• **Exercise description**:
Look through the records below for the line with "THREE CHRISMAS ANGELS". Return that line and each one after it up to and including the line with "Outsunny Conjunto De", exactly.

• **Data to use**:
○ ○ ○
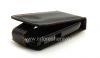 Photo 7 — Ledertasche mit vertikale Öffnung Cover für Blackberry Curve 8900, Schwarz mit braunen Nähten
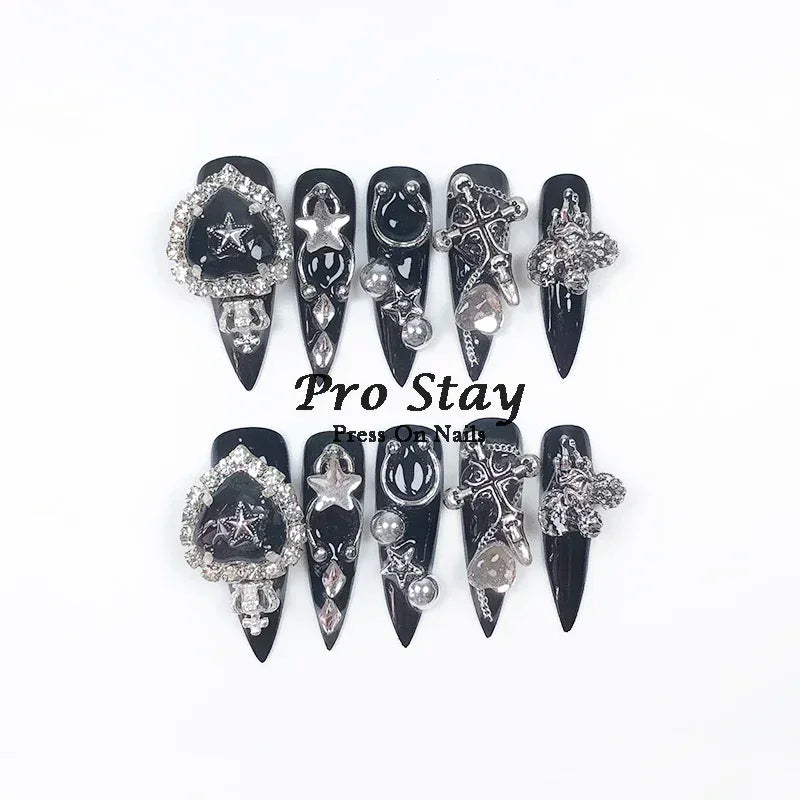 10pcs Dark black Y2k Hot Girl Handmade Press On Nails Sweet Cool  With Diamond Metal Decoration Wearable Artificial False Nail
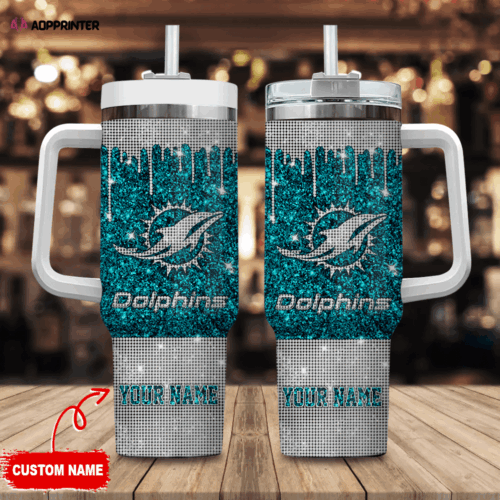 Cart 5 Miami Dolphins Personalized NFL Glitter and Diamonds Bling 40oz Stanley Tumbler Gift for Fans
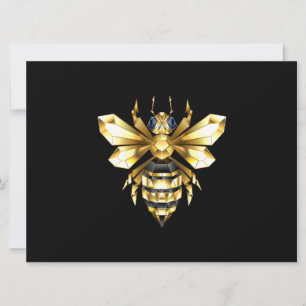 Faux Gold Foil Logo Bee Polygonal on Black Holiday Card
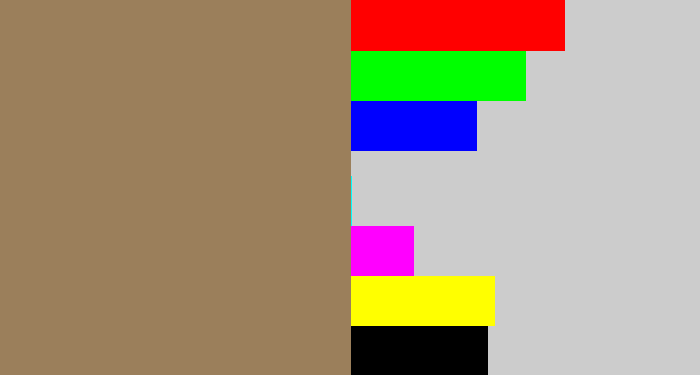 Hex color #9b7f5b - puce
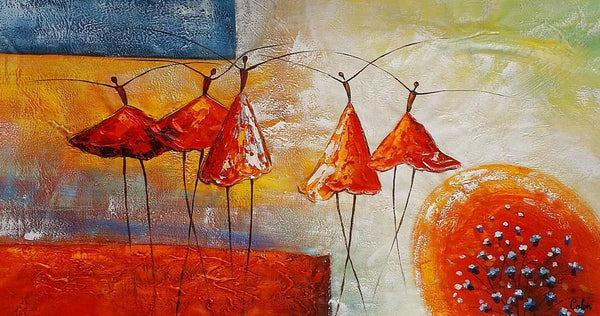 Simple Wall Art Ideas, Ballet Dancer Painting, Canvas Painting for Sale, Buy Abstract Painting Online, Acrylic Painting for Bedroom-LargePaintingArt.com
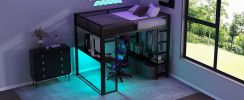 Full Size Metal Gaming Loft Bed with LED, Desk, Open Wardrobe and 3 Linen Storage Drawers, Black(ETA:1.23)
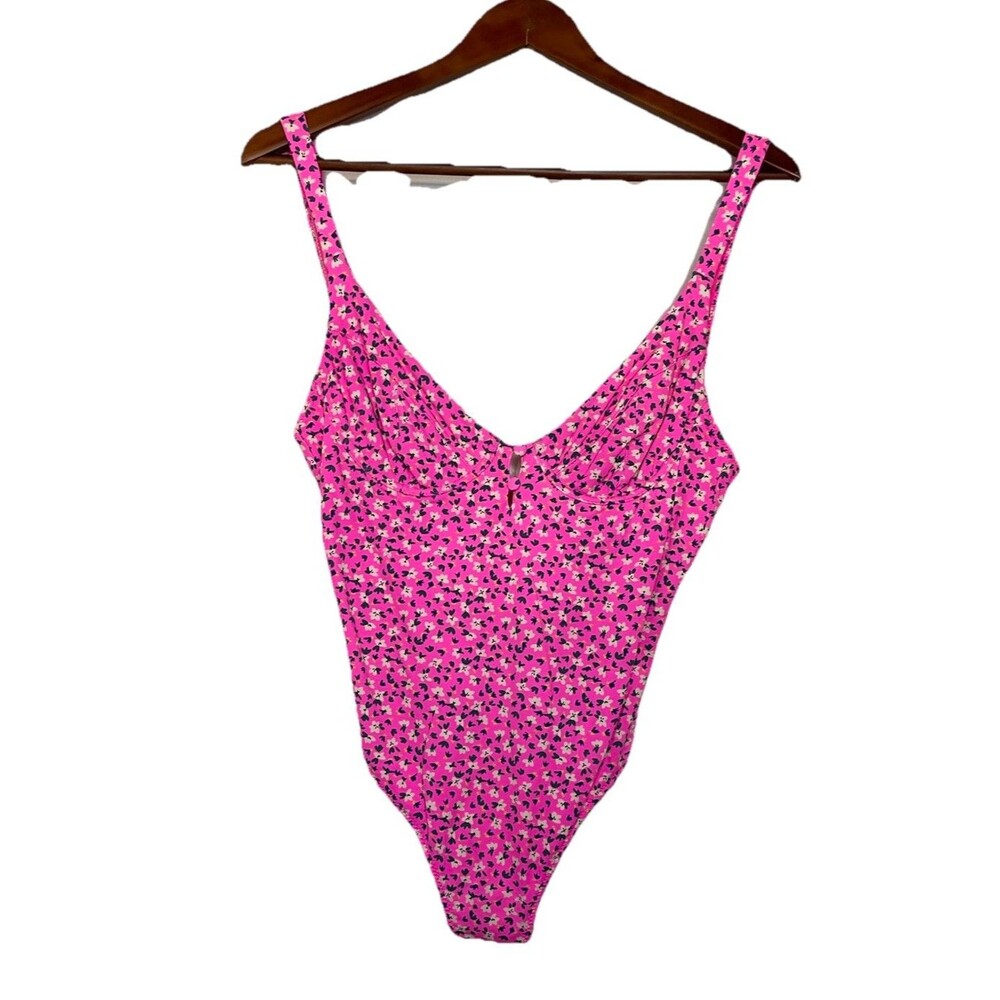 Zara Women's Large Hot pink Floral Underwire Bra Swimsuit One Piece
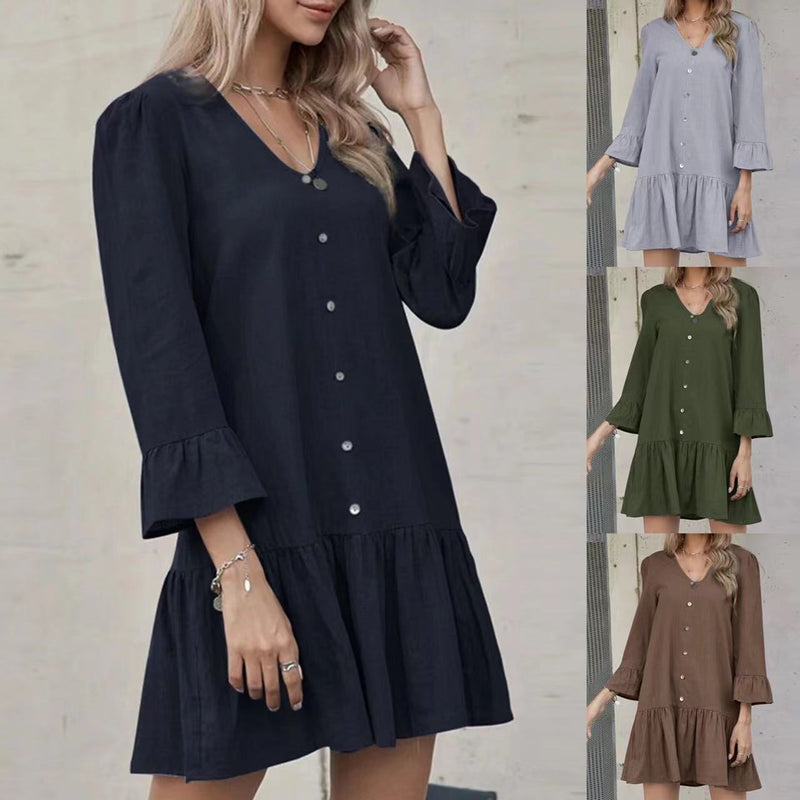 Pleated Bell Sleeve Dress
○ ○ ○
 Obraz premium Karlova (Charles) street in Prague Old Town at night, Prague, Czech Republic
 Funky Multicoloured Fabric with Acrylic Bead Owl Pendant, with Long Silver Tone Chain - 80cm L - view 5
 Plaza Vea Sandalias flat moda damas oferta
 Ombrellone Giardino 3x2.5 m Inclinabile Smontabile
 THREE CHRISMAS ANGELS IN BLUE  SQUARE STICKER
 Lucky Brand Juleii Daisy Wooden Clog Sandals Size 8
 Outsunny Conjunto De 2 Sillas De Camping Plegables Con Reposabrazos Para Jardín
○ ○ ○
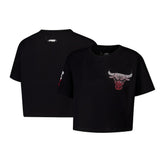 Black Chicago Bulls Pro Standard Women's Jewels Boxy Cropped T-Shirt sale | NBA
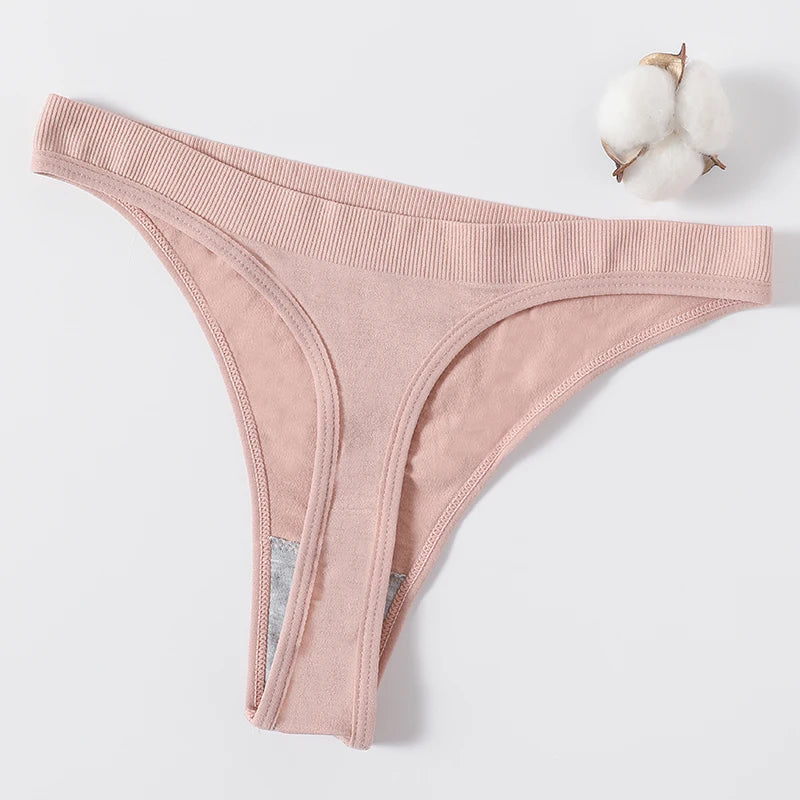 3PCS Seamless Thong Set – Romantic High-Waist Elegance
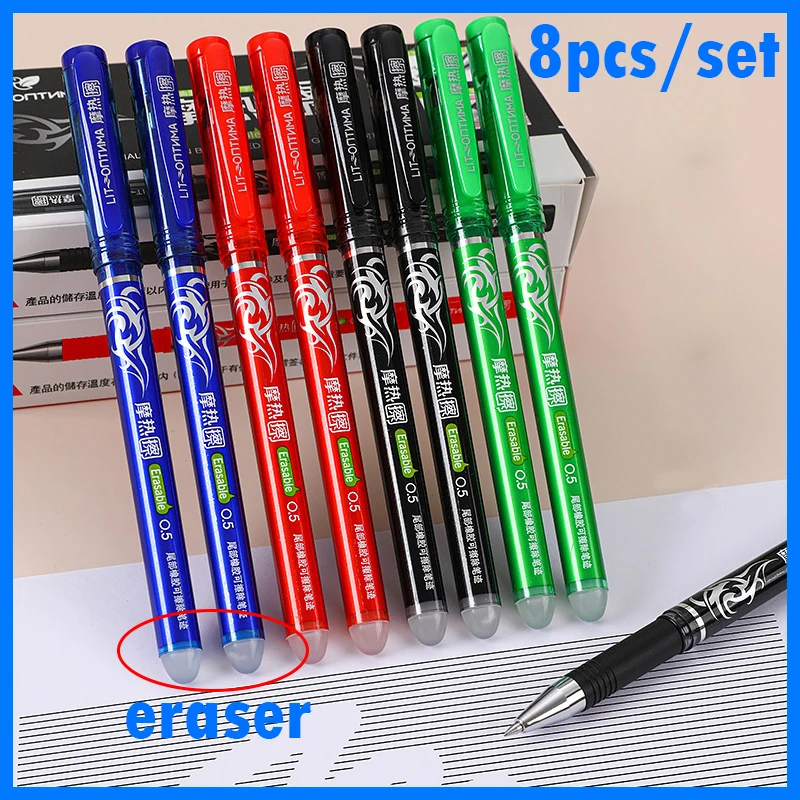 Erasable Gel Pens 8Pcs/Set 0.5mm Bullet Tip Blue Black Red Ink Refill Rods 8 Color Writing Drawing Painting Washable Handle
○ ○ ○
• **Task output**:
 THREE CHRISMAS ANGELS IN BLUE  SQUARE STICKER
 Lucky Brand Juleii Daisy Wooden Clog Sandals Size 8
 Outsunny Conjunto De 2 Sillas De Camping Plegables Con Reposabrazos Para Jardín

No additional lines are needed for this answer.